Americans’ average daily sodium intake may be associated with better health outcomes than recommended intake levels.
Most Americans’ average daily sodium intake is associated with better health outcomes than intake levels currently recommended by the CDC and major health departments, according to a new study. Many in the scientific community now view the latter intake levels as excessively and unrealistically low, it was suggested.
Researchers at Copenhagen University Hospital and Bispebjerg University Hospital in Copenhagen, Denmark, and Albert Einstein College of Medicine in New York investigated the incidence of all-cause mortality (ACM) and cardiovascular disease events (CVDEs) in populations exposed to dietary intakes of low sodium (less than 115 mmol), usual sodium (low usual sodium, 115 to 165 mmol; high usual sodium, 166 to 215 mmol), and high sodium (more than 215 mmol).

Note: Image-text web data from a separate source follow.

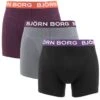 BJØRN BORG Björn Borg Cotton Stretch 3-pack Boxers Basic Multi -Mode-Lingeriewinkel aHR0cHM6Ly93d3cuYm94ZXJzLm5sL21lZGlhL2NhdGFsb2cvcHJvZHVjdC9iL2ovYmpvcm4tYm9yZ18xMDAwMTU2NS1tcDAwOF8zLXBhY2suanBnP3N0b3JlPWJveGVyc19ubCZpbWFnZS10eXBlPWltYWdl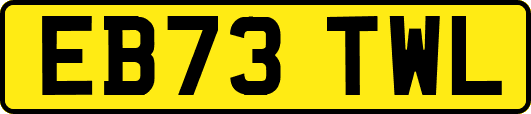 EB73TWL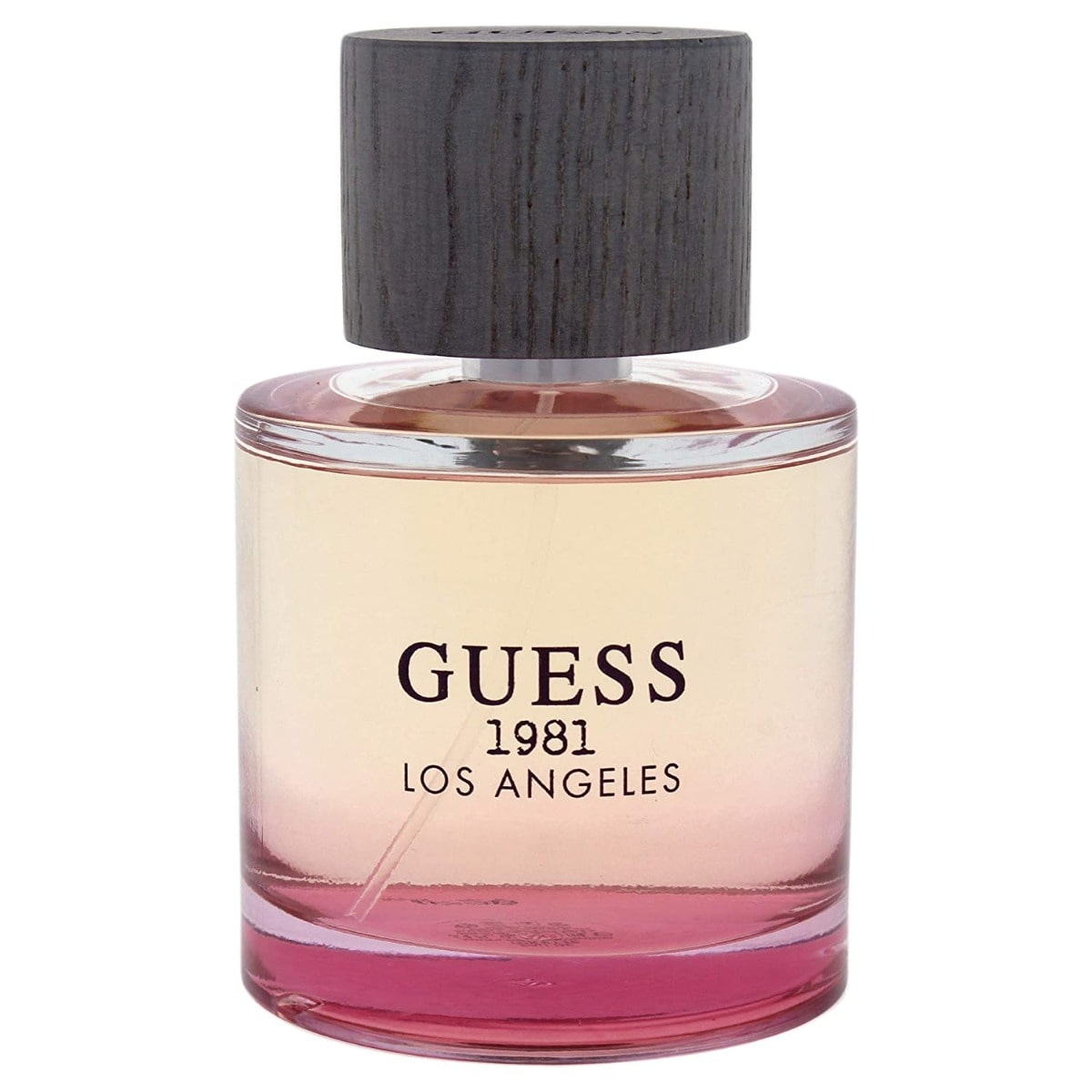 Buy Guess 1981 Los Angeles Edt Perfume For Women 100Ml in Pakistan
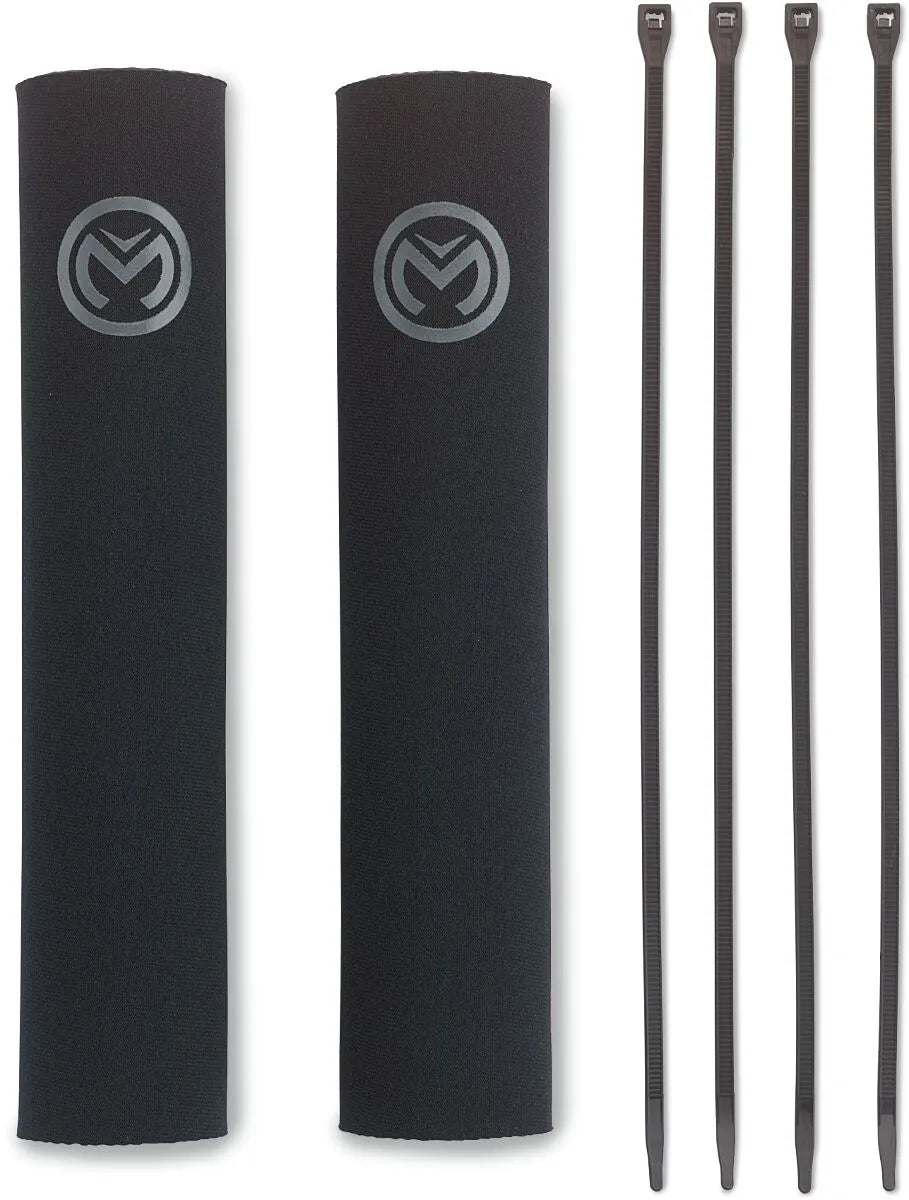 Moose Offroad Fork Skins For 44-50 Mm Forks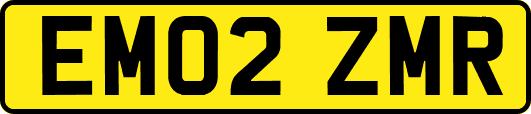 EM02ZMR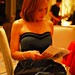 Brenda Woods Photo 29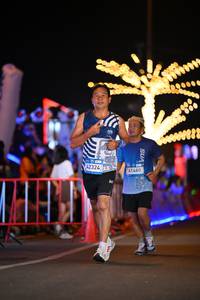 BIB: 200, 08717, 42324
                            <button type="button" onclick="openModal(23185329)" class="btn btn-primary btn-sm float-right btn-popup" data-toggle="modal" data-target=".modal-high-quality">
                        <i class="fas fa-shopping-cart"></i> Add to Cart
                    </button>
                                            <button type="button" onclick="isThisMe(23185329, true)" class="btn btn-success btn-sm float-right btn-popup btn-isme hidden" data-toggle="tooltip" data-placement="bottom" title="นี่คือรูปของคุณใช่ไหม คลิกที่นี่เพื่อเอาเข้าอัลบั้ม">
                        <i class="fas fa-plus"></i> Add to album
                    </button>
                    <button type="button" onclick="isThisMe(23185329, false)" class="btn btn-warning btn-sm float-right btn-popup btn-isnotme hidden">
                        <i class="fas fa-ban"></i> Remove from album
                    </button>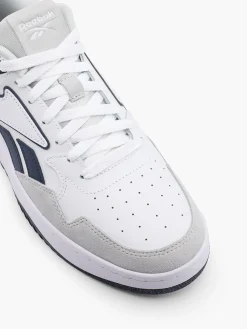 Leder Sneaker ATR Chill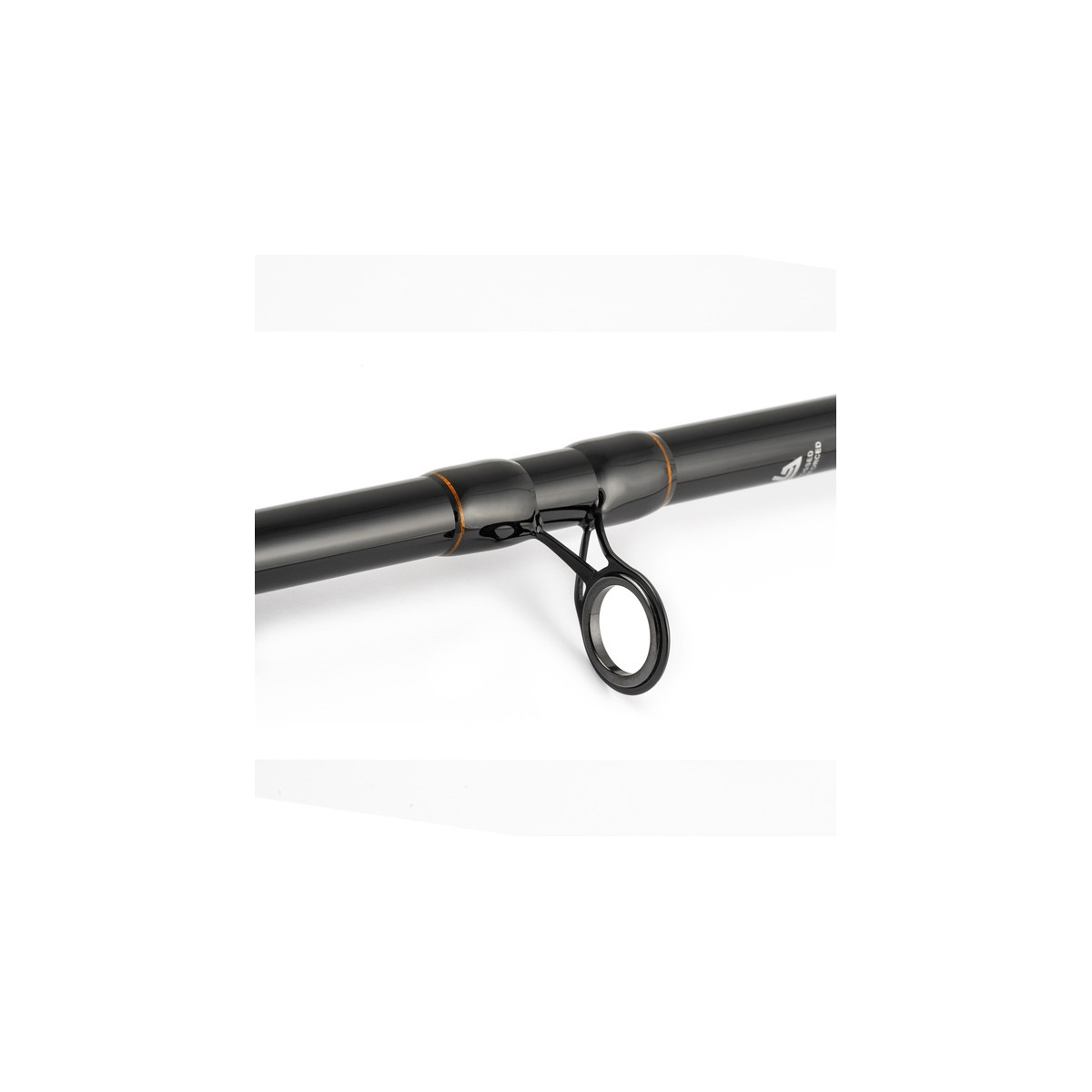 Wędka TRABUCCO PRECISION FDX METHOD FEEDER 330cm / 75g Wędka TRABUCCO PRECISION FDX METHOD FEEDER 330cm / 75g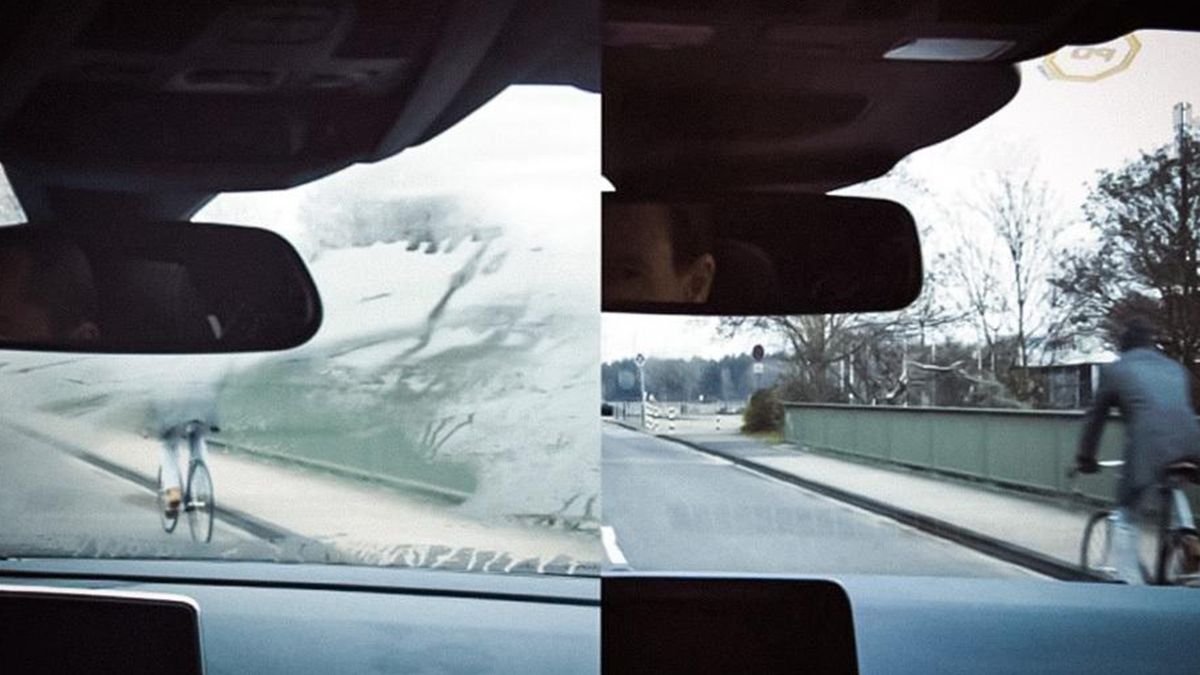 У Ford перемогли запотівання скла розробкою інтелектуальної системи: як вона працює - фото 1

They integrated relationship between individual measures of dietary sodium intake vs outcome in 23 cohort studies and 2 follow-up studies of randomized controlled trials measured as hazard ratios in meta-analyses.
The risks of ACM and CVDEs were decreased in usual sodium vs low sodium intake and increased in high sodium vs usual sodium intake. In population-representative samples adjusted for multiple confounders, the hazard ratio for ACM was consistently decreased in usual sodium vs low sodium intake but not increased in high sodium vs usual sodium intake. Within the usual sodium intake range, the number of events was stable.
The authors said that they identified a specific range of sodium intake (2645 to 4945 mg) associated with the most favorable health outcomes within which variation in sodium intake is not associated with variation in mortality and that this optimal range of intake is consistent with the current dietary intake of most of the world’s population. They concluded that their data are consistent with the hypothesis that a U shape best describes the relationship of sodium intake to health outcomes.